Speaking shortly after arriving in Rockhampton, Professor Carter said there was an urgent need for a national climate policy that improved the ability to recognise, manage and adapt to natural climate change and events.
“It really is a no-brainer as it would cost a fraction of the mooted emissions trading legislation and contingent damage to the economy, energy systems, the standard of living and the world food supply would be avoided,” Professor Carter said.
“By their very nature, strategies that can cope with the dangers of natural climate change including bushfires and flooding will readily cope with human-caused change too, should that ever manifest itself and be backed by conclusive evidence.”
He said the Government's scheme would have little more than a notional impact.
The Australian Coal Association's advertising campaign warns of possible mine closures and job losses if the proposed scheme goes ahead in its present form.
“We decided to advertise after the ACA conducted extensive public research in regional Australia to gauge the level of community understanding and knowledge about the Federal Government's new carbon tax regime,” Mr Hillman said.

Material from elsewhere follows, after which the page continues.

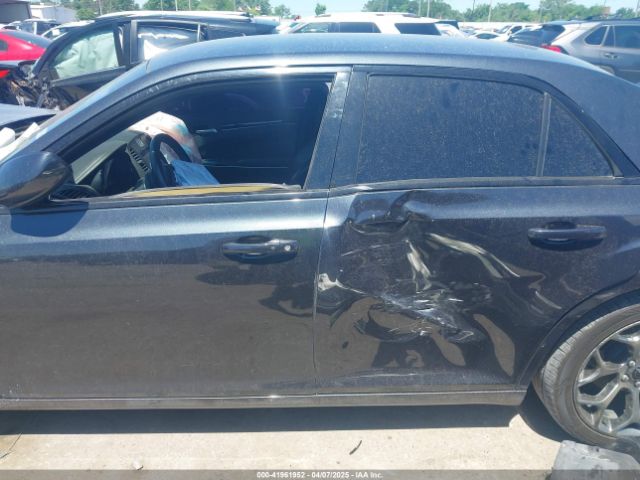 2C3CCABGXJH227198 Chrysler 300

“This research revealed that coal mining communities have not been properly warned of the damaging consequences of the Federal Government's scheme in its current form.”
The Minister Assisting the Minister for Climate Change, Greg Combet, said it was misleading to say mines would close.
Mr Combet said the coal industry was the nation's biggest export industry, a major employer and a key driver of economic growth for many regions, including Rockhampton.
“The Rudd Government also recognises the importance of addressing climate change,” Mr Combet said.
“The Government has carefully designed the CPRS to deliver on its targets while balancing the impact on industries and households. We are confident that we have got the balance right.”
He said Australian Treasury had undertaken a comprehensive economic modelling exercise that showed the coal industry would continue to grow under the CPRS.
Mr Combet said the Government had recognised, however, there were some challenges facing the coal industry in the period ahead which they were addressing.